My predictions for the next four years: A severe financial crisis, probably associated with a decline in the dollar; the draft; a national sales tax; privatization of social security; reversal of R v Wade; and some kind of very bad news on the environmental front.
I do think that we should be thinking along the lines I have posted here before, to wit, that we should at a minimum be signing up for contributions of $10 to $20 a month to the Democratic party to help it get on its feet for a permanent mobilization.
The other thing I think we need to look at is whether in certain areas, like CA, MA, NY, maybe CT, we can do to the Republicans something analogous to what was done to the Dems in TX. Obviously there won’t be a redistricting opportunity. But in the current juncture having “Red” members of Congress in blue states is a luxury we can ill afford, so strategies need to be developed that chisel away at the very concept of a “safe seat.”
The bright side: we showed we can raise money en masse and mount a vigorous campaign.

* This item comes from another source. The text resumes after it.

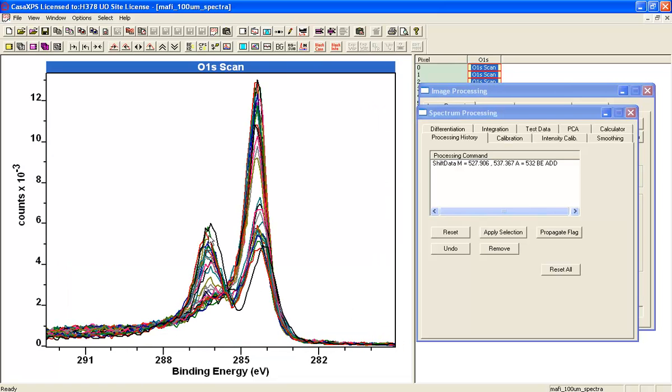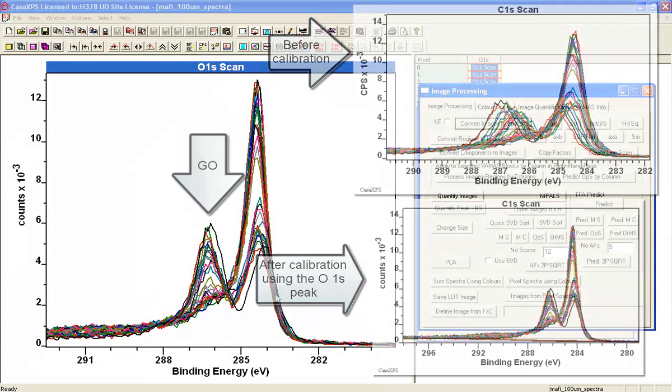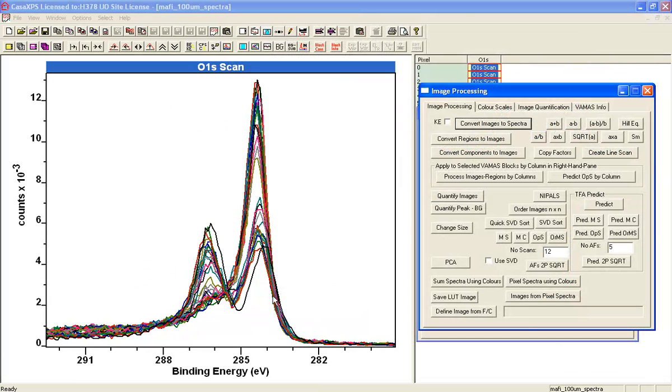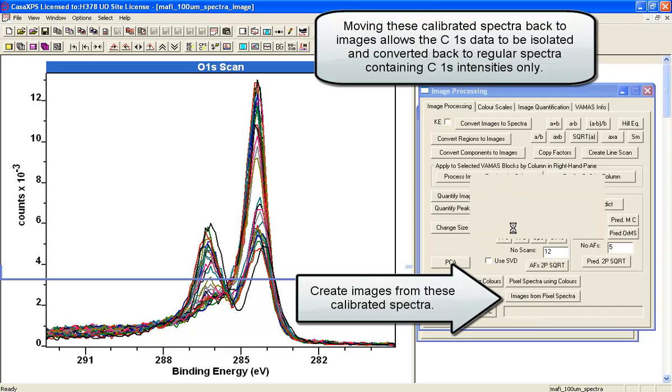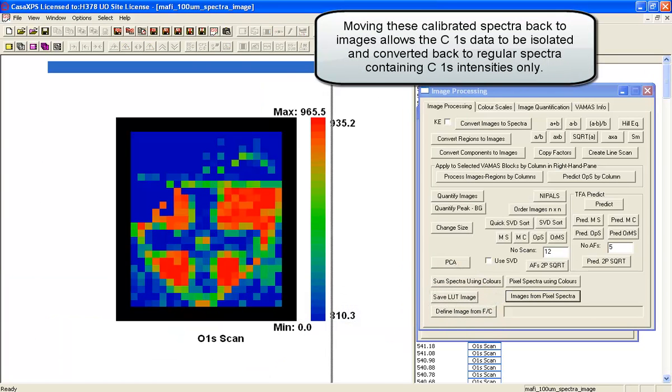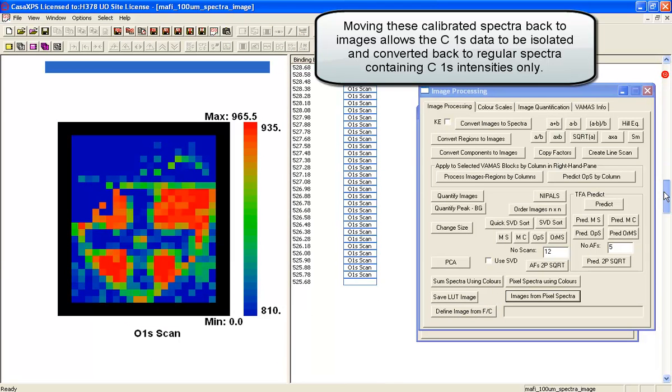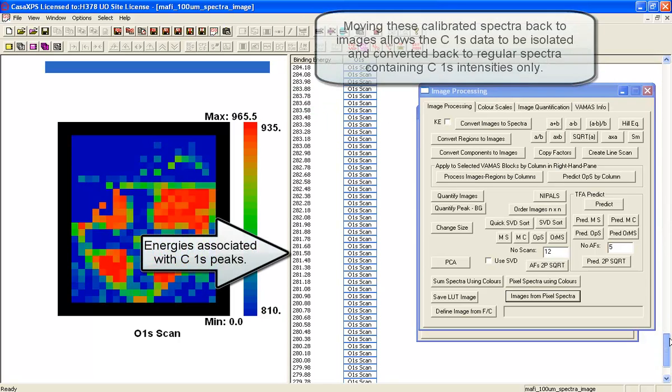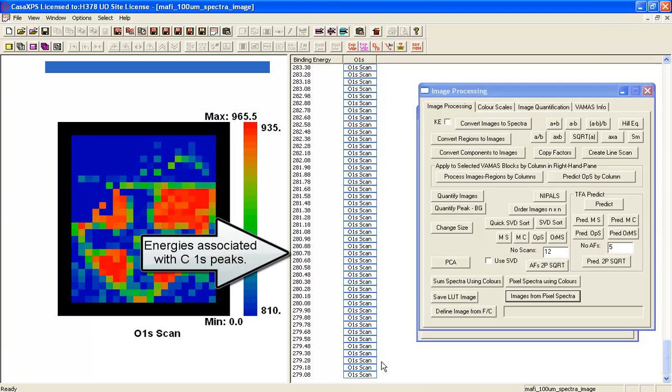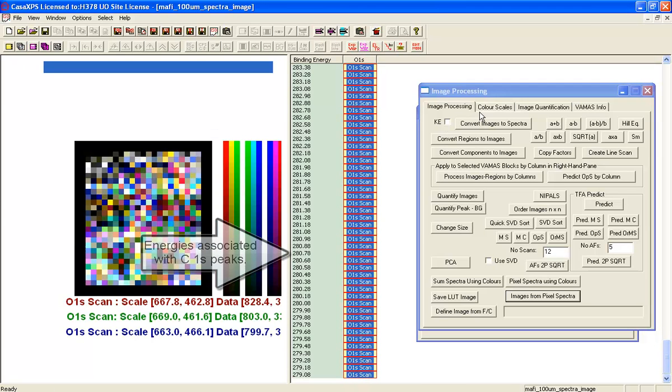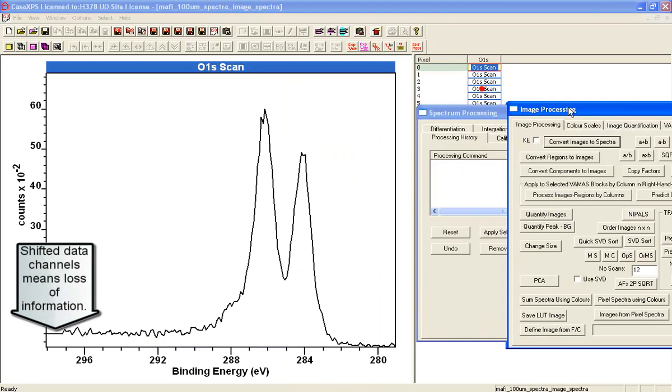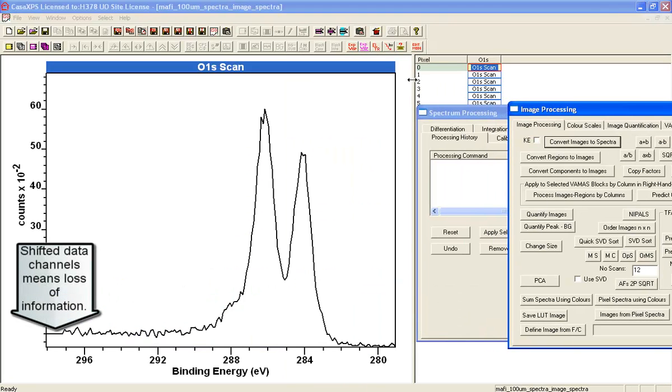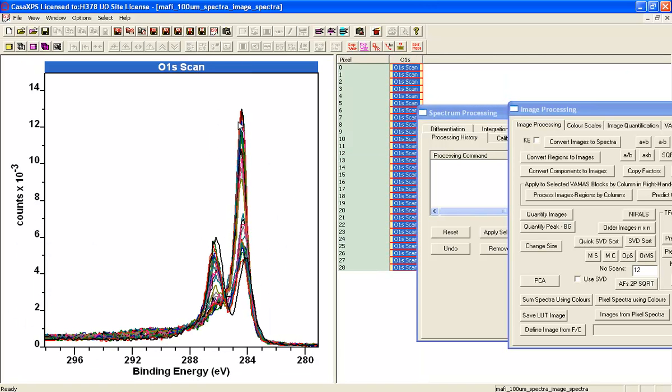We now see that the graphene oxide—a peak here which is characteristic of the graphene oxide—they're far better aligned than they were before. One further step: if I wanted to isolate the carbon 1s again, I'm going to create these images from the spectra, and this time I'm going to select out where I find the energies that correspond to carbon and create spectra from these. Now I've got a data set that has got energy aligned graphene oxide peaks which I can do further processing on.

That’s about it.
Well, based on all the comments and analysis I read that said Bush would not win because his highest approval ratings were his ceiling in the popular vote, and all the polls were rated unfairly to rvs instead of lvs, I took two weeks off work to focus on this election. I read the blogs alot, did gotv efforts, donated all the spare cash I had to get Kerry elected, because based on all the analysis I read here and on MYDD, it seemed improbable Bush would win. All the major media polls were biased, they were oversampling repubs, blah, blah blah.
Turns out they were right. We’re living in a right-wing, Christian conservative nation and I don’t see anyway for the democratic party to compete nationally. Look at all the red on that map. It’s heartbreaking. The dems and all the hopefuls like yourself and your contributors need to wake up and admit — we are on the outside looking in.